- _MATERIAL PROVIDED_
"""

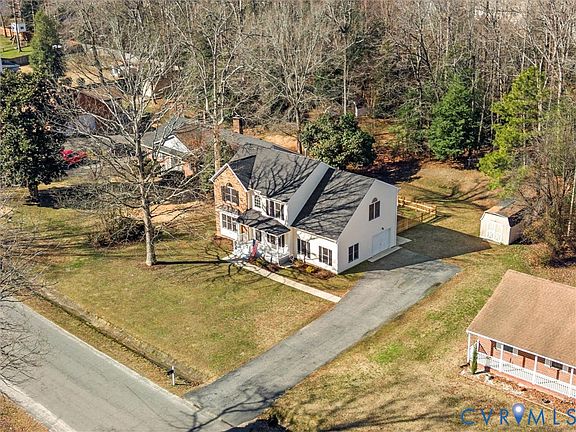 2nd image of 4110 Oxbridge Rd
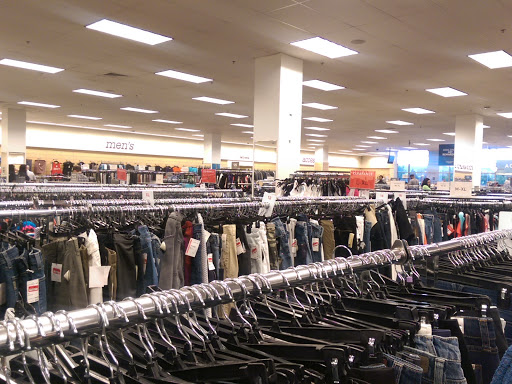 Department Store «Nordstrom Rack Rivers Edge Shopping Center», reviews and photos, 4036 E 82nd St, Indianapolis, IN 46250, USA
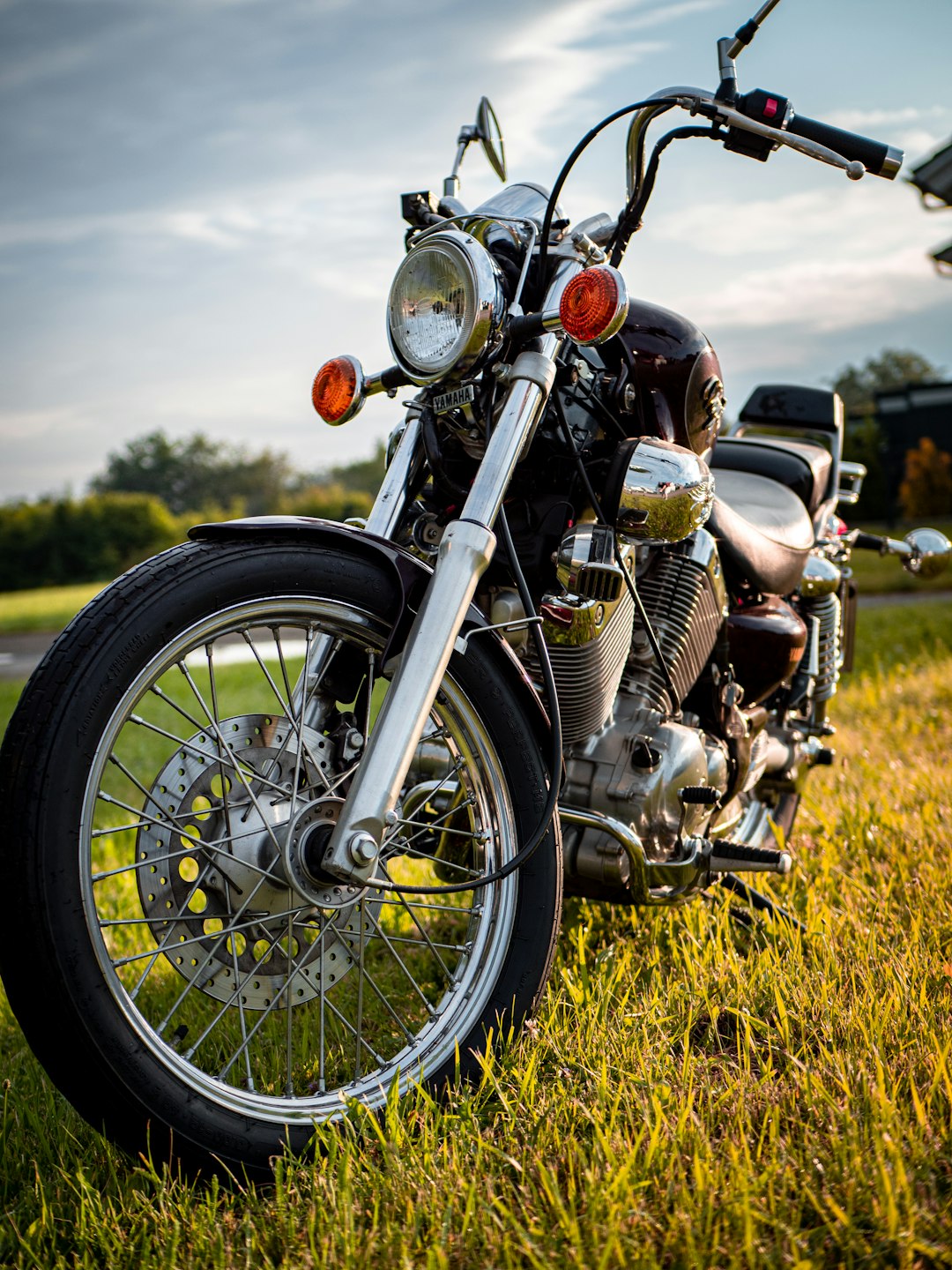 A beautifull yamaha-motorbike standing in the gras!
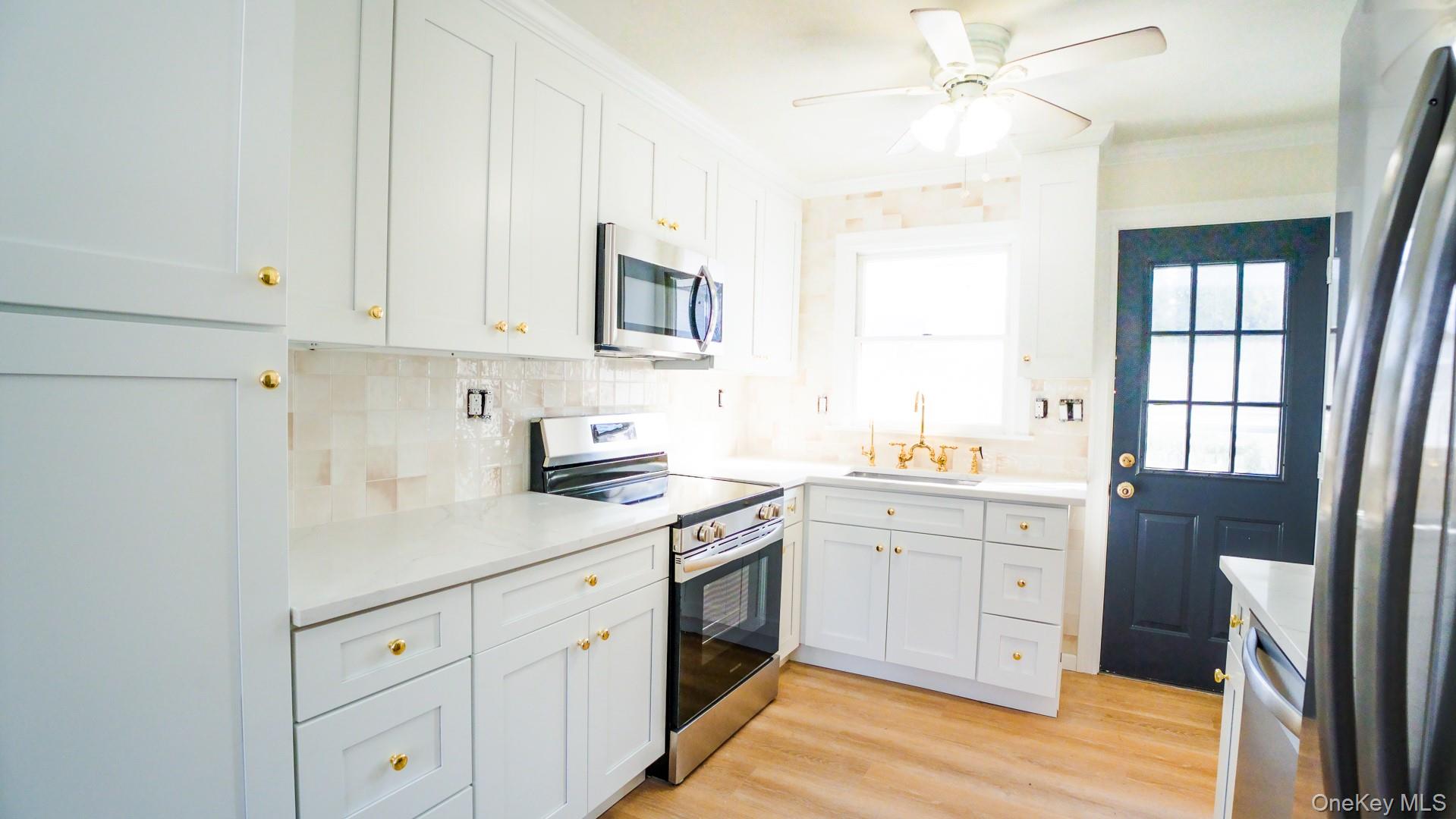 #4 photo, 5 Pearsall Place, Babylon , NY 11702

"""

- _THE PROBLEM_
Could you copy, exactly and with no pictures, each line from the first one above to the line holding "A beautifull yamaha-motorbike"?

- _RESPONSE FOR THIS EXERCISE_
 2nd image of 4110 Oxbridge Rd
 Department Store «Nordstrom Rack Rivers Edge Shopping Center», reviews and photos, 4036 E 82nd St, Indianapolis, IN 46250, USA
 A beautifull yamaha-motorbike standing in the gras!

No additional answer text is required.